Sementara itu, Dosen Hukum Tata Negara Universitas Cenderawasih (Uncen) Lily Bauw menyebutkan, besarnya alokasi dana Otonomi Khusus (Otsus) yang telah digelontorkan ke Papua, sesungguhnya mencerminkan komitmen besar negara terhadap percepatan pembangunan.
Namun jika ditilik dari hasil di lapangan, perubahan yang diharapkan masih jauh dari memadai. Indikator kesejahteraan, kualitas pelayanan publik, dan kapasitas kelembagaan daerah belum menunjukkan lompatan berarti.
“Masalah mendasarnya bukan hanya pada volume dana, tetapi pada paradigma penyelenggaraan pemerintahan di bawah kerangka Otonomi Khusus (Otsus) yang belum dipahami secara seragam,” kata Lily.
Menurutnya banyak pihak, baik di pusat maupun daerah, masih memperlakukan Papua dengan logika pemerintahan umum, bukan dengan kerangka “kekhususan” yang menjadi ruh dari Otsus. Ketidakselarasan pemahaman ini berdampak langsung pada cara merancang, melaksanakan, hingga mengawasi program dan anggaran.
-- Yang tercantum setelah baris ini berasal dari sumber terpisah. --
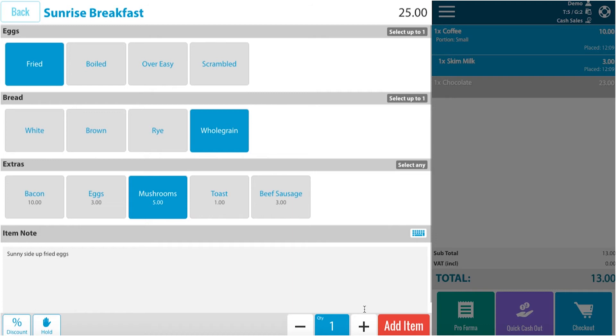At the bottom you can also change the quantity. If you are fine with that quantity, you may add item.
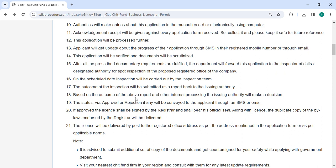Based on the outcome of the above report and other internal processing, the issuing authority will decide. The status, whether approved or rejected, will be conveyed to the applicant via SMS or email. If approved, the registrar shall sign the license with an official seal. A duplicate copy with registered endorsement will be delivered. Finally, the license will be mailed to the registered office address on the application form or as per the applicable regulations.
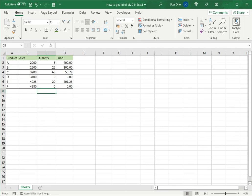So this is how to get rid of DIV/0 in Excel. Please read the appended article for further guidance.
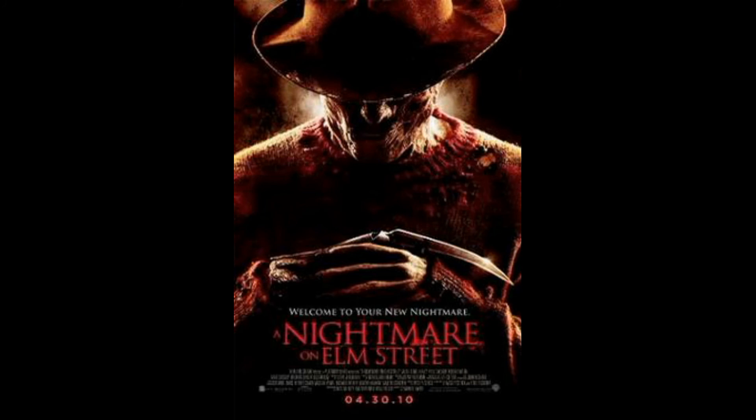But that's neither here nor there. I appreciate horror going back to the scary stuff and not just making jokes on itself, so I'm actually really impressed by this remake here.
Padahal, Otsus bukan sekadar tambahan uang, melainkan model tata kelola khusus yang menuntut cara kerja, kelembagaan, dan akuntabilitas yang juga khusus. Dalam konteks ini, pembinaan dan pengawasan tidak bisa lagi bersifat seragam dan administratif seperti daerah lain.
“Ia harus bersifat kontekstual dan asimetris, menghormati karakter sosial, kapasitas lokal, serta perbedaan tahap perkembangan antarwilayah di Papua. Maka, yang mendesak bukan hanya memperbesar dana, melainkan membangun kesepahaman nasional tentang makna dan mekanisme pemerintahan berbasis Otsus,” jelasnya.